NORTHAMPTON, Mass. (WWLP) - Governor Deval Patrick's proposal to increase taxes to pay for education and transportation improvements is the kind of thing that can generate a lot of debate at the breakfast table, and that was exactly what happened in Northampton Tuesday morning, but this debate was broadcast live all over the Valley on WHMP radio.
Patrick wants to raise the state's income tax, while lowering the state sales tax in order to generate more revenue to pay for various infrastructure projects. Other funds from the plan would benefit early, regular, and higher education.
Held over breakfast at Sylvester's Restaurant, the forum, called " Higher taxes for higher ed.," brought together three local college officials who support the Governor's plan and two of its opponents.

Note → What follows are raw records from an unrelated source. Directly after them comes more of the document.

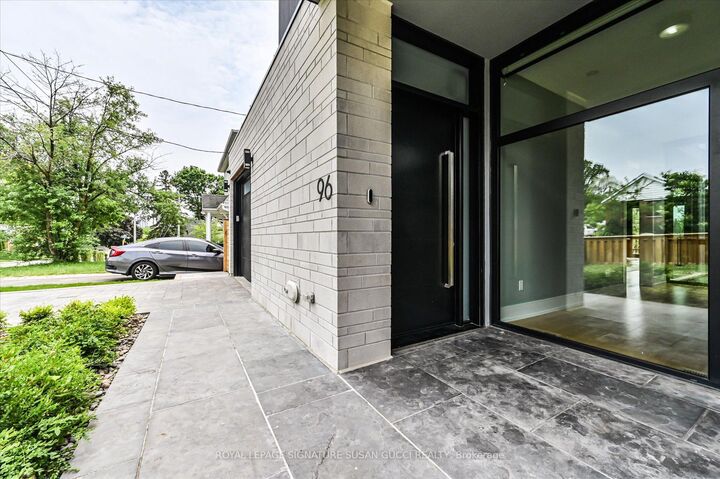 Photo de la propriété: 96 Squires Avenue ON M4B 2S1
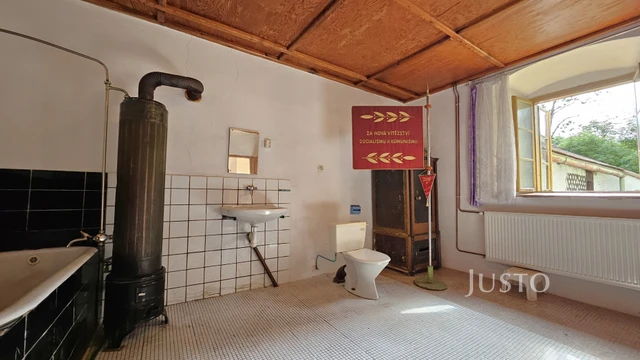 Prodej rodinného domu 363 m² s pozemkem 3244 m²
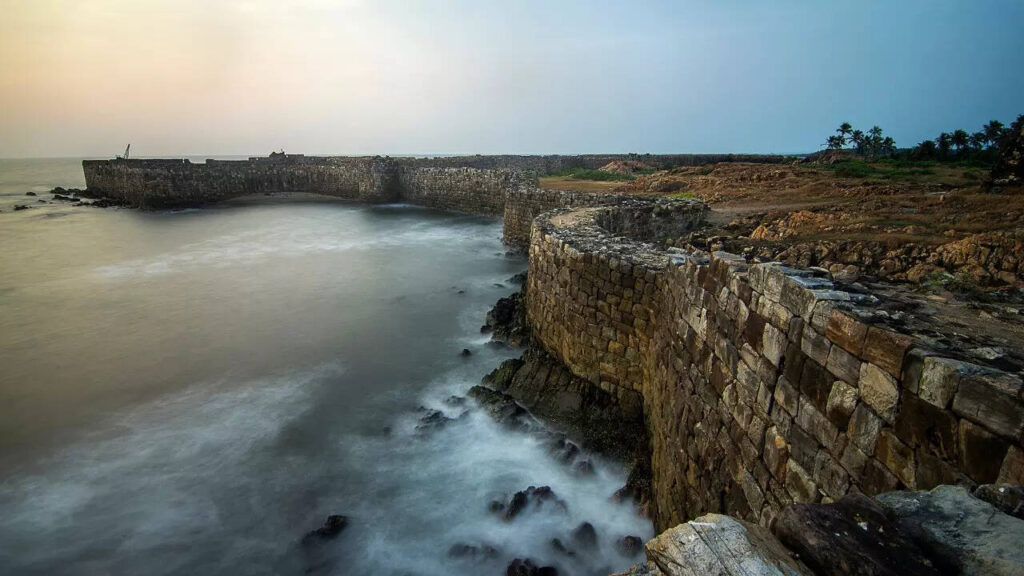 5 sea forts in Maharashtra that once ruled the Arabian coastline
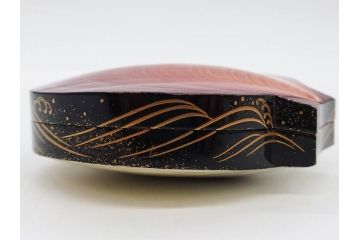 高木玉栄　荒磯　月日貝　上品な蒔絵とデザイン性に心惹かれる香合(シェル、鯛、魚、波紋、香道具、茶道具、蒔絵、木製、漆器、小物入れ、鵬雲斎書付き、共箱付き)(R-079308)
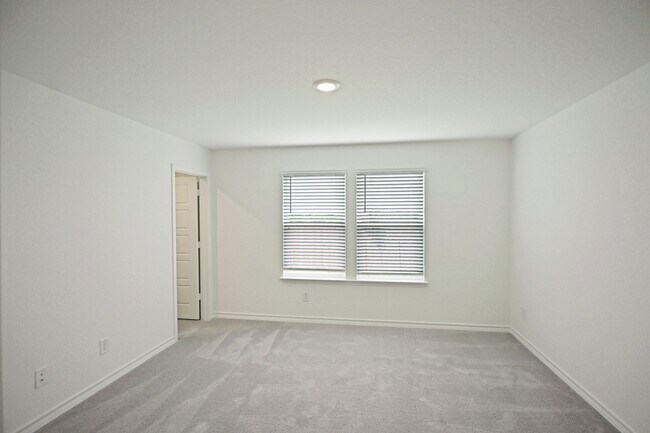 Building Photo - 946 Bluegrass Pt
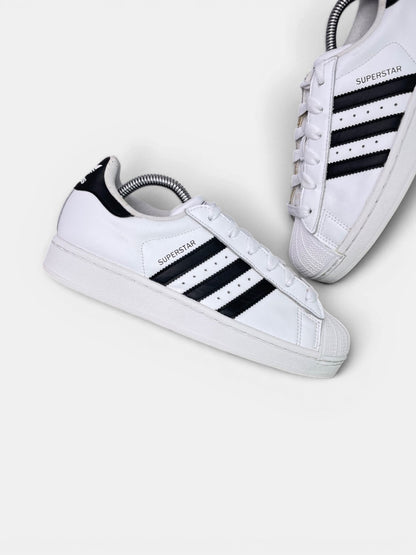 Adidas Superstar II Cloud White Black — buty sportowe damskie w bardzo dobrym stanie rozmiar 38, boczny profil, lewa strona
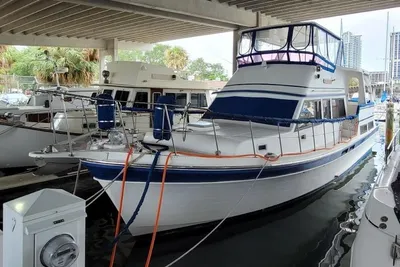 Bestway Cockpit Double Cabin Motor Yacht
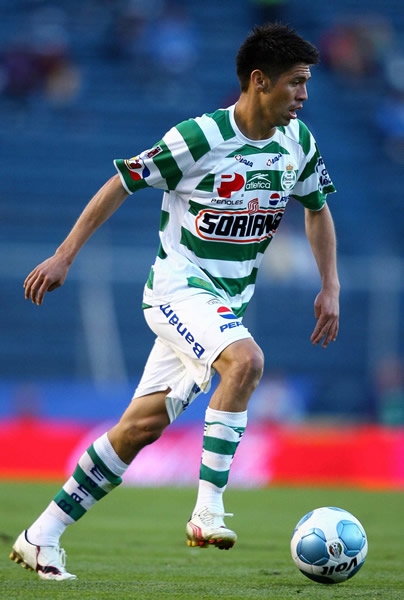 Oribe Peralta no marcó, pero dio un gran partido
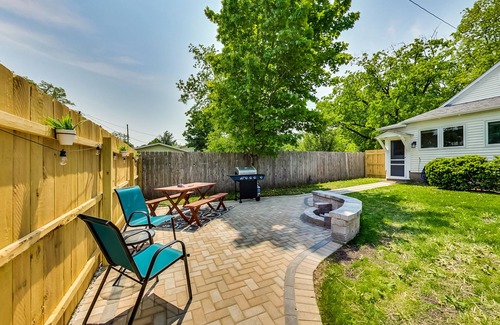 Lake Geneva House | Fully Renovated Historic 1800's Home, Walking Distance to Downtown LG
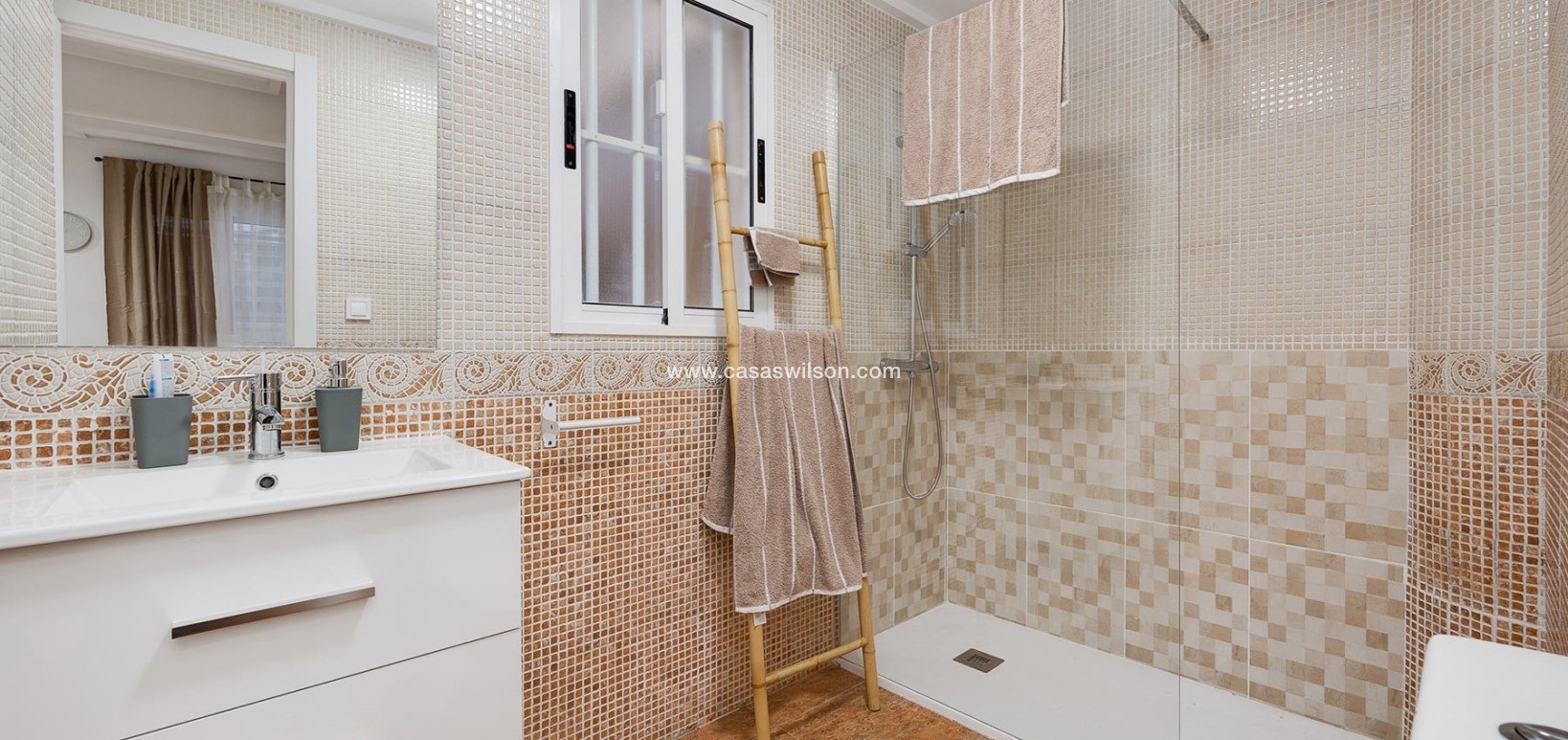 Sale - Apartment - Torrevieja - Costa Blanca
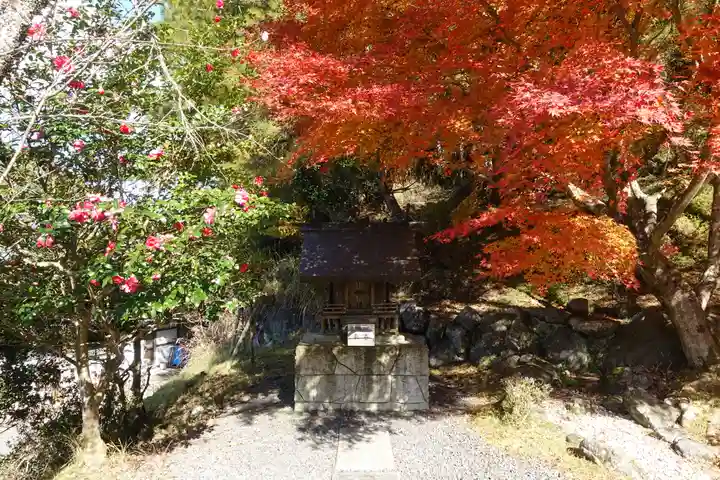 出世稲荷神社の自然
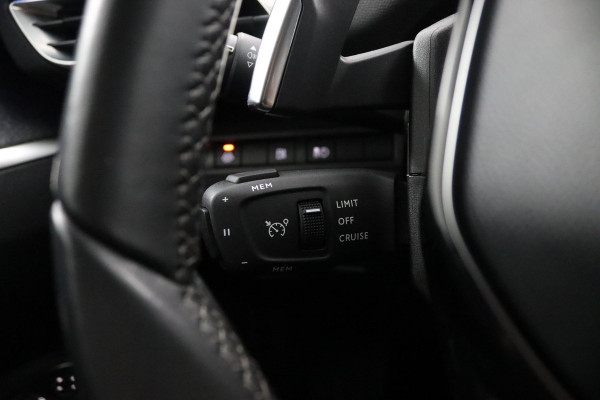 Peugeot 3008 1.6 HYbrid Allure*225PK*ECC*CRUISE*CAM*CARPLAY*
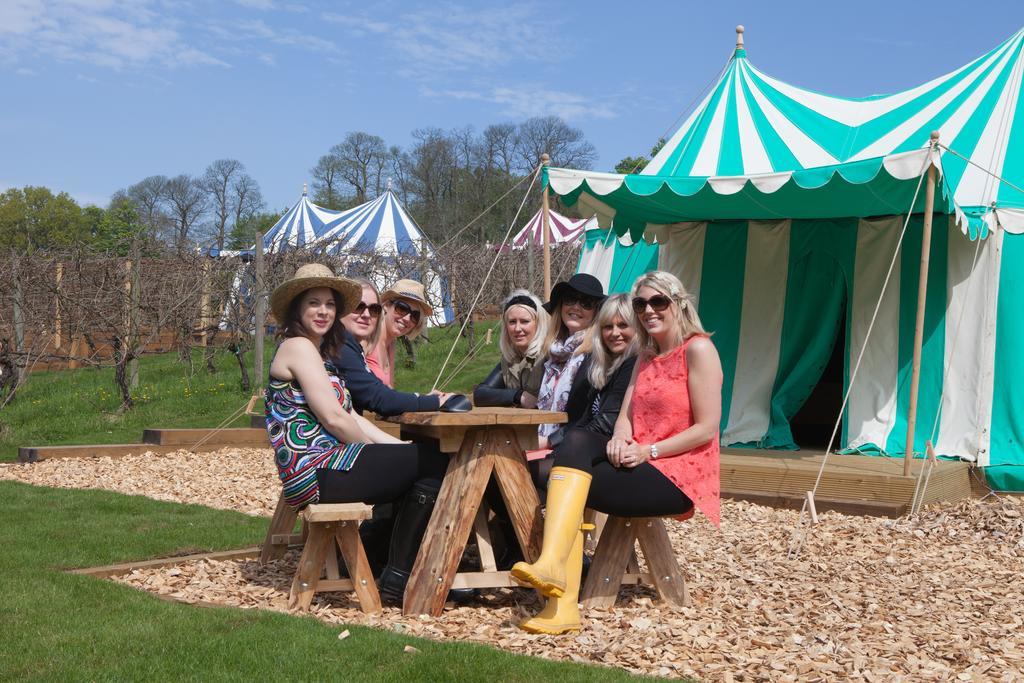 Leeds Castle Knights Glamping Hotell Exteriör bild
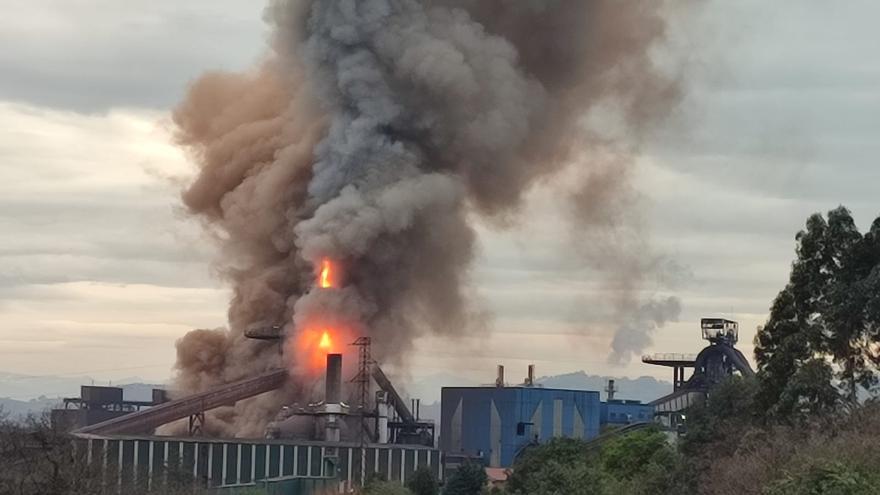 VIDEO: Un espectacular incendio obliga a desalojar la factoría de Arcelor en Gijón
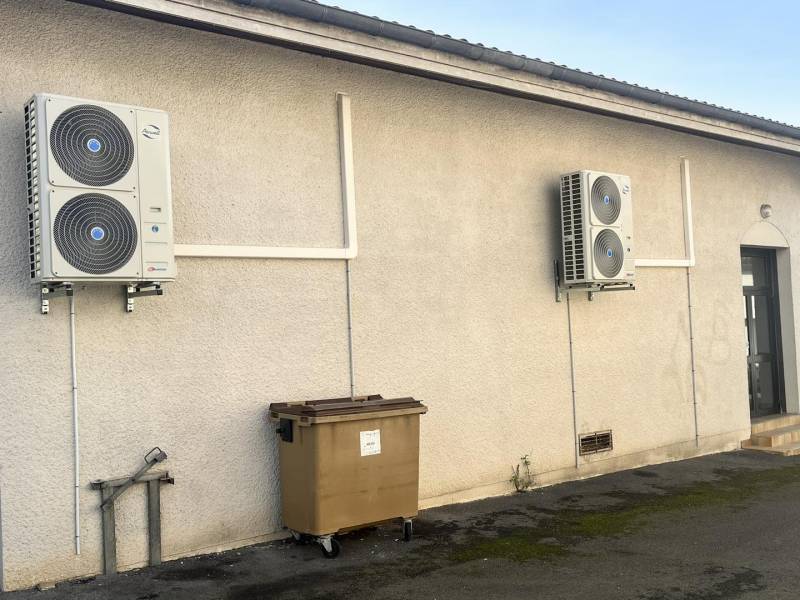 Pose de chauffage réversible dans une salle des fêtes par un plombier professionnel RGE vers Royan (17)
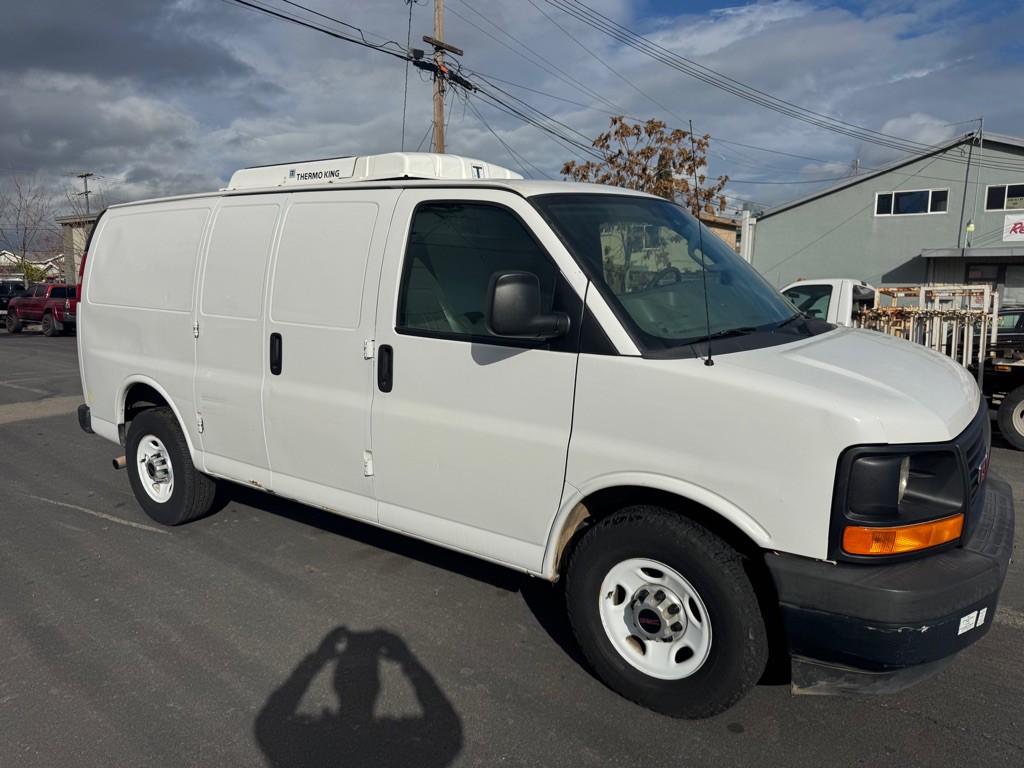 2017 GMC Savana Image 6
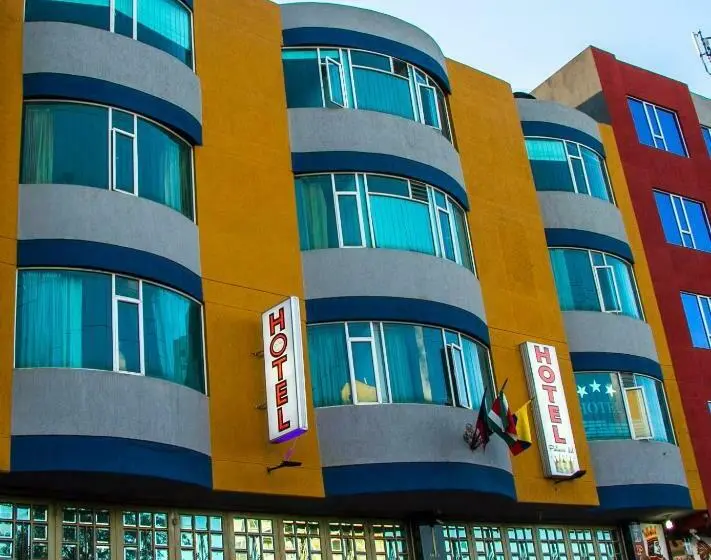 ファミリールーム, El Palacio Del Rey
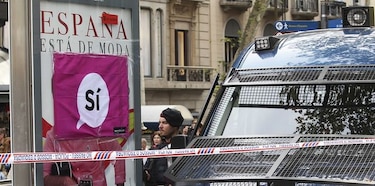 En Cataluña precintan mil 300 centros de votación para el referéndum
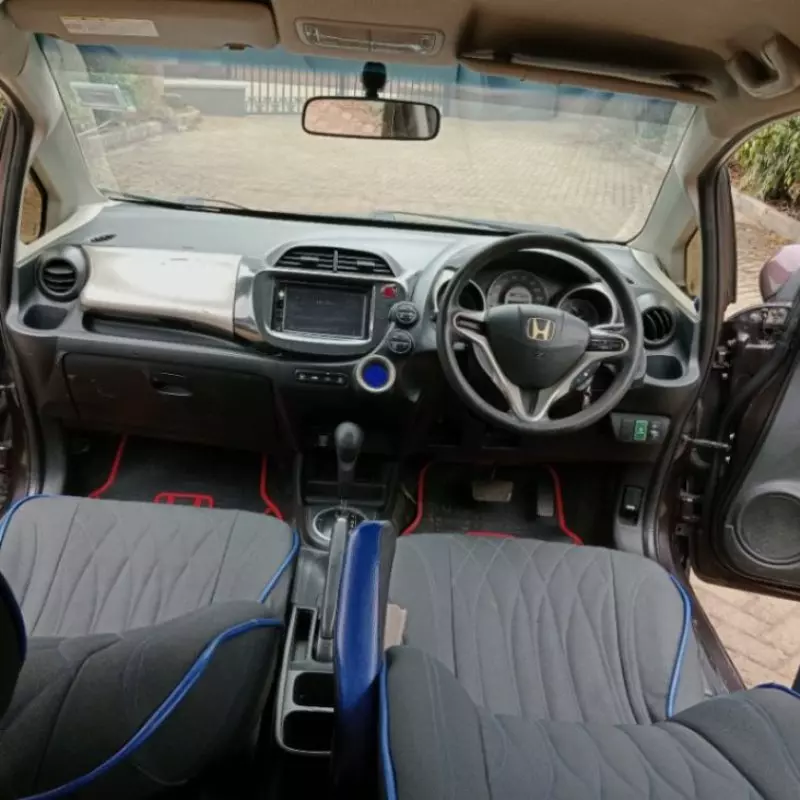 Honda Fit Hybrid    - 2013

While the proposed transportation improvements were briefly mentioned, the focus was on the governor's ideas for the state's public colleges specifically.
UMass Chancellor Kumble Subbaswamy, Springfield Technical Community College President Ira Rubenzahl, and Greenfield Community College President Robert Pura are backing the proposal, which they say would relieve some of the burden of college costs on students.
Dr. Jay Fleitman, the Chairman of Western Mass Republicans, opposes the tax hike plan, and says that it is part of Patrick's larger vision to expand the role of state government.
Paul Nicolai, the former chairman of Citizens for Limited Taxation said that there is too much waste in the public higher education system as it is, and that more funding will not make the state's colleges better.
"UMass wants to be a world-class institution. As a result, it went out and bought a law school two years ago which we don't need as a public. We've got so many lawyers we don't know what to do with them," said Nicolai, who is an attorney himself.
"We don't need a world-class institution to provide access to our children to higher education. What we need is to provide them with the money they need to go there."
Nicolai went further; questioning the need for a public higher education system at all, suggesting instead that the system be privatized. Rubenzahl strongly disagreed, saying that there simply would not be enough space for students in private institutions if public colleges were to be eliminated.
He also said that the public higher education system has been cut deeply since a series of 1998 tax cuts, and that the tax system in the state needs to be reformed to make it fairer.
"This idea that people are paying more taxes today is just not true, and the rich, let's be very clear, the rich are not paying their fair share of taxes," Rubenzahl said.
The fate of the tax proposal is in the hands of the Legislature, which so far has appeared resistant to pass any major tax increase.